## WORK TASK
Print the data once more, exactly as given. Drop the pictures.

## SOURCE DATA
****************

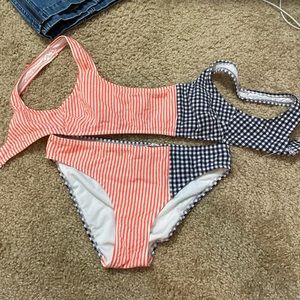 Aerie red white and blue American flag two piece bathing suit
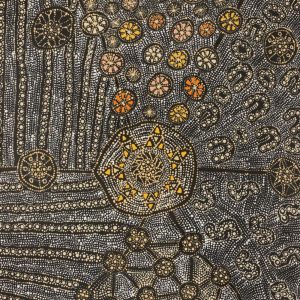 Lukarrara Jukurrpa (Desert Fringe-rush Seed Dreaming) by Hilda Nakamarra Rogers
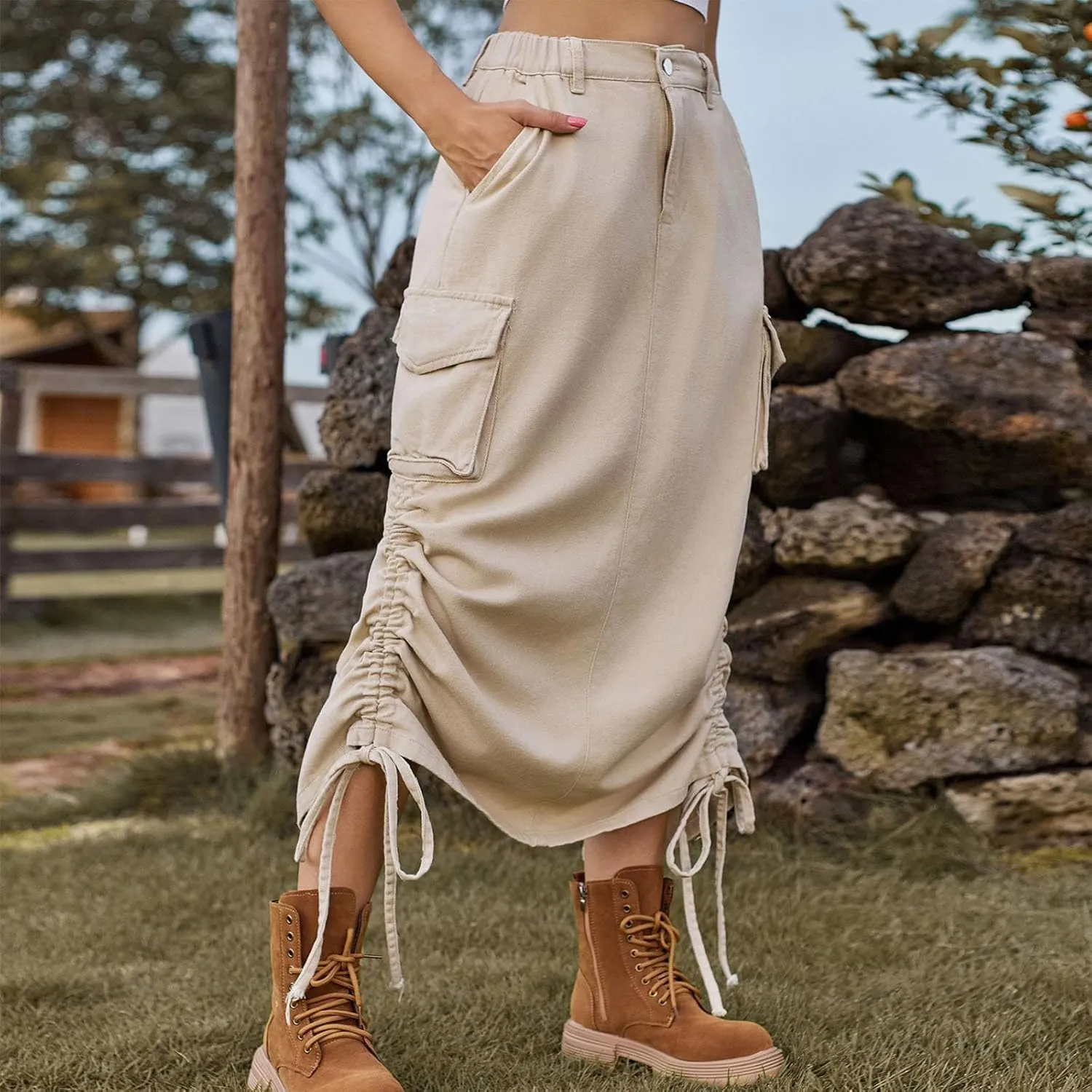 Women's Jeans Skirt Trendy Button High Waisted Skirt Teen Girls Loose Fit A-Line Going Out Streetwear Jean Skirt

****************

## YOUR RESPONSE
 Aerie red white and blue American flag two piece bathing suit
 Lukarrara Jukurrpa (Desert Fringe-rush Seed Dreaming) by Hilda Nakamarra Rogers
 Women's Jeans Skirt Trendy Button High Waisted Skirt Teen Girls Loose Fit A-Line Going Out Streetwear Jean Skirt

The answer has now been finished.